Leurs dissensions à propos du partage du butin rythment la vie politique et alimentent le chaos permanent. Situation qui interdit toute stratégie de rupture avec le sous-développement et la sortie de la pauvreté absolue de masse. Car le seul enjeu de ces guerres de rapines est le pillage des économies squelettiques africaines et non le développement. Lequel passe par un investissement massif dans le savoir, la diffusion des connaissances et l’organisation, qui sont les seules matières premières des économies modernes. En effet, si le coût de la main d’œuvre était la seule variable qui détermine l’investissement international, l’Afrique serait la terre d’accueil des délocalisations.
« Le miroir grossissant d’une faillite intellectuelle »
Un des autres aspects de la tragédie africaine est la crise idéologique sans précédent qui ronge le Continent. Cette crise qui n’est que le miroir grossissant d’une faillite intellectuelle. Bref, d’une crise de la pensée…Autrefois, on débattait de la négritude, du panafricanisme. Il y avait des Etats « modérés » et « des « Etats progressistes »…Cette liste n’est pas exhaustive. En économie, il existait des débats riches sur la théorie du développement endogène ou autocentré, la division du monde entre un « centre » et « la périphérie »…

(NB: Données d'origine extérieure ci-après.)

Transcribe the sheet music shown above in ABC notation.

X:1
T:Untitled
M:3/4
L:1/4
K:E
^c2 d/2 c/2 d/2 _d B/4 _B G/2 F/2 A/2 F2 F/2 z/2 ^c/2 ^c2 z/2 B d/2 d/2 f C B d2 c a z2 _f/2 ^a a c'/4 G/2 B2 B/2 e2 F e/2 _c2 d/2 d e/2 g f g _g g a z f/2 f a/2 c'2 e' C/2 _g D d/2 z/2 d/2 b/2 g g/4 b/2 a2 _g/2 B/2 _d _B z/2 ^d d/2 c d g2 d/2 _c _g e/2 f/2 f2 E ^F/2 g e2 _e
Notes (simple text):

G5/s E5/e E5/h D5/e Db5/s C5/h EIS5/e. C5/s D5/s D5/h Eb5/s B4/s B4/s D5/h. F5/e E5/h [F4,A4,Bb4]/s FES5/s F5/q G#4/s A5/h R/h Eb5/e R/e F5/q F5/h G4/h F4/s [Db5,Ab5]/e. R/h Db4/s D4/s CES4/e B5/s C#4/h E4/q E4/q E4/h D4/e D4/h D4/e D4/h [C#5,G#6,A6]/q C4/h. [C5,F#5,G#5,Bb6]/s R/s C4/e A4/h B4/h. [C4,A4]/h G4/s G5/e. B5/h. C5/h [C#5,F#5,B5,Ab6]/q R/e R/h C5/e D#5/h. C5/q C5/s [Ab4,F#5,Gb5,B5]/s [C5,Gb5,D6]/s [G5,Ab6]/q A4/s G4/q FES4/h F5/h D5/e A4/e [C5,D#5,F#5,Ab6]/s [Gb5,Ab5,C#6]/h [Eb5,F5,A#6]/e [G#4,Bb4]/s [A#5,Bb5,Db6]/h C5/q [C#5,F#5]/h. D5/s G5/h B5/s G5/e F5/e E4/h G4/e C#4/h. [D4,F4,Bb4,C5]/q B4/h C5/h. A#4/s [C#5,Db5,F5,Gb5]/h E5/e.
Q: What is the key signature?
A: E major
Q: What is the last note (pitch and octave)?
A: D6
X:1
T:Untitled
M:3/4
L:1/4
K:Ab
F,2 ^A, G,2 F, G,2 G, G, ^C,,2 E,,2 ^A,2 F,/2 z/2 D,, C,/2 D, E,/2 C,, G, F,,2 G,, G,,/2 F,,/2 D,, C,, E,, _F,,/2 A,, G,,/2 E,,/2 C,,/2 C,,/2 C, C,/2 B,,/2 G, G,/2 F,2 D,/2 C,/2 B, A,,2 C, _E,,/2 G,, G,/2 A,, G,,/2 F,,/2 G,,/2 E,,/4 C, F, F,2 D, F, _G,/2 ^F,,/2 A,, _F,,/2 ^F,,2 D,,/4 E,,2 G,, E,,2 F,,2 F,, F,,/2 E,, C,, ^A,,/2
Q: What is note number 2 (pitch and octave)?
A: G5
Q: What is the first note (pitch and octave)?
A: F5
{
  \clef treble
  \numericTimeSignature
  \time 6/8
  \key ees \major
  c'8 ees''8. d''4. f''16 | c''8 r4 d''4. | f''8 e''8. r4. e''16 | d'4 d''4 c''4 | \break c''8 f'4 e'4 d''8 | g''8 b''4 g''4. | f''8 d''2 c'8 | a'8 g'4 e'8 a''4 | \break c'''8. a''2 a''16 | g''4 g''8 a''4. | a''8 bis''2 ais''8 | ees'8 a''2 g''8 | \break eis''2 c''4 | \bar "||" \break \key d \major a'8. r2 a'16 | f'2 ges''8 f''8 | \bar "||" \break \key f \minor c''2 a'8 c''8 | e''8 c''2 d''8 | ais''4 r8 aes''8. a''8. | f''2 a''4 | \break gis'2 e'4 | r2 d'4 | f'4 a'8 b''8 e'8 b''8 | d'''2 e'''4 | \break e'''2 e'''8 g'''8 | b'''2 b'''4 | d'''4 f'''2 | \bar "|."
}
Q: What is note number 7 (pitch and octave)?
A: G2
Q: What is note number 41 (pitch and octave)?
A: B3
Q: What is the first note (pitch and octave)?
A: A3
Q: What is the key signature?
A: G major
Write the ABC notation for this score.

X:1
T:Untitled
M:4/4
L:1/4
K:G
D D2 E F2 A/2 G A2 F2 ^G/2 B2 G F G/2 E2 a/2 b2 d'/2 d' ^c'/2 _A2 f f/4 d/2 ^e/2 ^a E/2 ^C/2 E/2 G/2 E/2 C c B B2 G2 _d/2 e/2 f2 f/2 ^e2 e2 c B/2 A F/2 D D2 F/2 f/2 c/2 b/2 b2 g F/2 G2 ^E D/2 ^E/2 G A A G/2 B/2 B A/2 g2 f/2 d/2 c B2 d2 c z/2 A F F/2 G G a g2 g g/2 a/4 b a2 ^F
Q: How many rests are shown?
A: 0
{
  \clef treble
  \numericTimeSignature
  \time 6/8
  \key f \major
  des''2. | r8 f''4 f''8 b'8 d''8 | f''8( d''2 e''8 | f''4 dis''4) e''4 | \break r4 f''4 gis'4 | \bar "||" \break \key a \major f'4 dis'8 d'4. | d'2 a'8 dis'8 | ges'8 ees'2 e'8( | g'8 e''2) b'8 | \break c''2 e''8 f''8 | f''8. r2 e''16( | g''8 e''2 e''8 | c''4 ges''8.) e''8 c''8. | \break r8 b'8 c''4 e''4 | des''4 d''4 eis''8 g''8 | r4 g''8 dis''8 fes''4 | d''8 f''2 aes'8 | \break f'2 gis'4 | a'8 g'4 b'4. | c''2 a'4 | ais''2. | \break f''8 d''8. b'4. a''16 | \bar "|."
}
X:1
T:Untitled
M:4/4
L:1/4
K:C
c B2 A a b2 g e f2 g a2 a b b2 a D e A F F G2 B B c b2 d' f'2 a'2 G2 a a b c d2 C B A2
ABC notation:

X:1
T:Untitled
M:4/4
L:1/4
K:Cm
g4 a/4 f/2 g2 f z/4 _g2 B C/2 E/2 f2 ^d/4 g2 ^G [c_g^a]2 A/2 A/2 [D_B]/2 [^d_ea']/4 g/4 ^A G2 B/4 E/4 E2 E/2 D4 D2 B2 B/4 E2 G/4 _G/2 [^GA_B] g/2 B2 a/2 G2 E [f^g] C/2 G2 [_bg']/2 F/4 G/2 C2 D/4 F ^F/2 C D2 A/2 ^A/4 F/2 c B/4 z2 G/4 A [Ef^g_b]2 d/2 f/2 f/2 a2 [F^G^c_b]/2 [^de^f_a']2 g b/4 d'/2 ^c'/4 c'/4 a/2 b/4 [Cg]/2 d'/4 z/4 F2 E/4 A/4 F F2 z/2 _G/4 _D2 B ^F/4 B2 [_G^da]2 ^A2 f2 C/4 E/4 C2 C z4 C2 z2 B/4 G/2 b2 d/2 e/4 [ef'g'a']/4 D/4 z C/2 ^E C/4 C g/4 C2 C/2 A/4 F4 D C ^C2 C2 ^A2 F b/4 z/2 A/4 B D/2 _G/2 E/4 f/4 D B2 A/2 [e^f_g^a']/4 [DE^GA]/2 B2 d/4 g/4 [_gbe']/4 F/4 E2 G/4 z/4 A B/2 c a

Qu’en est-il en ce début du XXIe siècle ? Le thème du complot international contre le Continent sert de prêt à penser, la négrophobie sert de bouche trou pour masquer les enjeux cruciaux. La funeste idéologie des matières premières irrigue les structures mentales et empêche toute remise en cause des stratégies de développement du passé et qui ont conduit à la débâcle économique actuelle. Pourtant, le Japon, ce pays dépourvu de toute ressource minière, a montré la voie depuis 1868, depuis la révolution Meiji. Il est la deuxième puissance du monde. De même, bien avant l’Inde et la Chine, l’empire du Soleil Levant a le premier répondu à la terrifiante question : Comment être moderne sans être occidental ? Il a fait la preuve que c’était possible. Il est temps de sortir des sentiers battus, mais déjà trop usés. Il est urgent d’en finir avec des explications fallacieuses. Le temps de la complaisance est dernière nous…
Il faut en finir avec une certaine Afrique.